Those examples may work but they are cumbersome, reliant upon the middle tier (i.e. UTL_HTTP) or are unsuitable for real-time interaction with complex hardware devices (i.e. telecommunications equipment).

I must comfess it was a leading question given that my company, dbPlugins, has developed a 'User Extensible Database Plugin Architecture'.

This architecture allows one to easily integrate to any 3rd party technology API and express that API as a PL/SQL package.
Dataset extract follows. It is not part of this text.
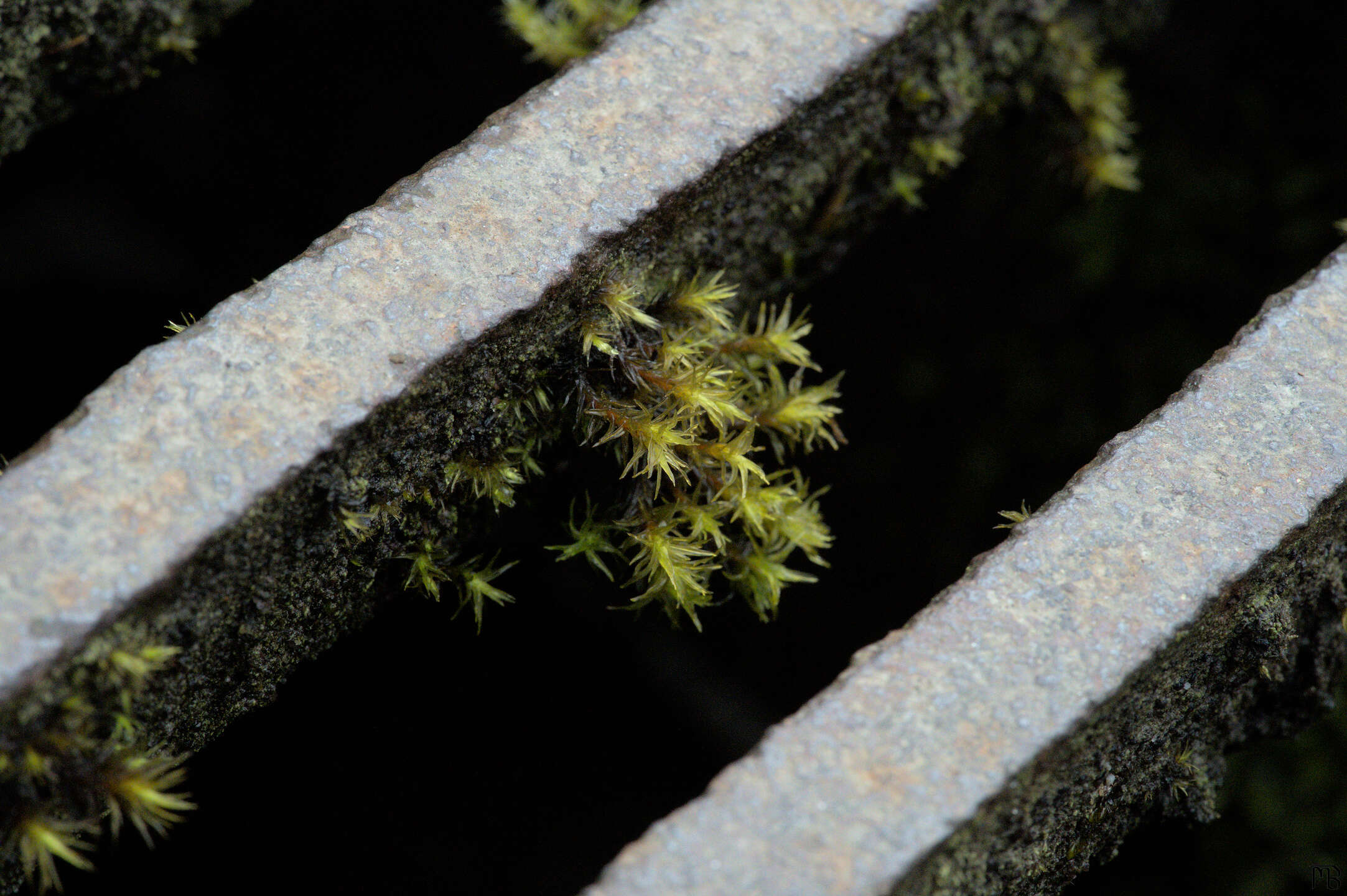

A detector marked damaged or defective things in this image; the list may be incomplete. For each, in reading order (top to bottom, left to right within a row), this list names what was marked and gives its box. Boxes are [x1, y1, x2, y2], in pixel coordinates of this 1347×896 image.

rusty metal bar [582, 246, 1344, 896]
The package then becomes a universal database layer API that can be called by any modern programming language.

A database plugin gives the data-tier the same level of programable extensibility that is available at the middle tier.

My company is looking for beta testers to validate and comment upon this emerging technology.
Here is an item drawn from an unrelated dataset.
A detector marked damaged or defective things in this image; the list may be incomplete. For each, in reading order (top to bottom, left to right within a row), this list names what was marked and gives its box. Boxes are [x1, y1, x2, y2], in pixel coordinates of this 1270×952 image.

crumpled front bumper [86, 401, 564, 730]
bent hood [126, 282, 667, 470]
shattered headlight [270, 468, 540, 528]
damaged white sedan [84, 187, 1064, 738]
We have working examples of plugins that distribute in source-code format which integrate to a GeoIP API and to tarlib.

The plugin server effectively masks the complexity of database integration allowing the author to focus on the task of integrating to the 3rd party API. There are two components that an author writes, the PL/SQL package that faces the user application and the 'C' based plugin module that interfaces to the 3rd party API.
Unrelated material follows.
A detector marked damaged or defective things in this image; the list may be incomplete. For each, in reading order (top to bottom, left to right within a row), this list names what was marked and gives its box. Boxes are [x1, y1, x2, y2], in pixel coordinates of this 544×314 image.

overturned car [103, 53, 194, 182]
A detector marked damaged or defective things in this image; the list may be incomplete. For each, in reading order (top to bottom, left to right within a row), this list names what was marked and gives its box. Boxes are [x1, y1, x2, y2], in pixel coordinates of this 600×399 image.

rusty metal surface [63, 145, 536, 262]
SQL*VOX - a more complex plugin - interfaces to the telecommunications API from Dialogic allowing for IVR, VOIP, Text-To-Speech and ACD capabilities from a database centric point of view.

This is very innovative technology that you will not find anywhere else. I welcome any interest you may have in evaluating this technology.

Steve Guilford
Founder, CEO
dbPlugins
dbPlugins

Will Sisson said...

@Pete B

The telephone number type is defined in the database.

It is easy to derive the UI validation out of the database metadata.

By leaving out the middleware completely you avoid the danger of your middleware definition being inconsistent with your database.

One level less is always good.

Will Sisson said...

@Pete B

"Databases are for storing data!"

This is another myth that needs to be busted.

Disk drives are for storing data. An RDBMS represents (not stores) the data in a manner such that it is possible to perform logical inference on the data to derive new facts from existing ones, using the relational operators.

SQL supports standard logical operators like quantification natively. Popular middleware languages like Java, C# and Python force you down to using machine level constructs like loops.

SQL is the nearest you can get with a widely used commercial product to programming directly in logic.

Thus doing all the logic in the database delivers not only higher productivity, greater reliability and faster performance; it is also fundamentally more logical.

Seth Griffin said...

Morten,

Brilliantly written.

To begin with I am a programmer who works primarily in the middle layer and am a strong advocate of business logic in the middle layer.

You make a lot of good points. The advocates of logic in the middle I think often work on very simple applications where there is one application per database.

When you start hiring a consulting team or purchasing software that wants to integrate with your database it is much better to have business logic in stored procedures to prevent catastrophic data integrity issues.

The only way that logic in the middle layer works every time is in a SOA system where ALL applications are FORCED to use the web service bus. In other words, put all logic in the database or use a SOA with a well defined and documented service BUS.

It seems to be developers who work on stand-alone applications and don't do enterprise level development who say things like "XML is horrible, use JSON" and "data belongs only in the middle layer." Really? Where does your portability come from? What if your third party app provider doesn't know what JSON is and equates web services with "SOAP"? How does one dynamically generate consuming web services based on a JSON endpoint that merely dumps data in javascript notation?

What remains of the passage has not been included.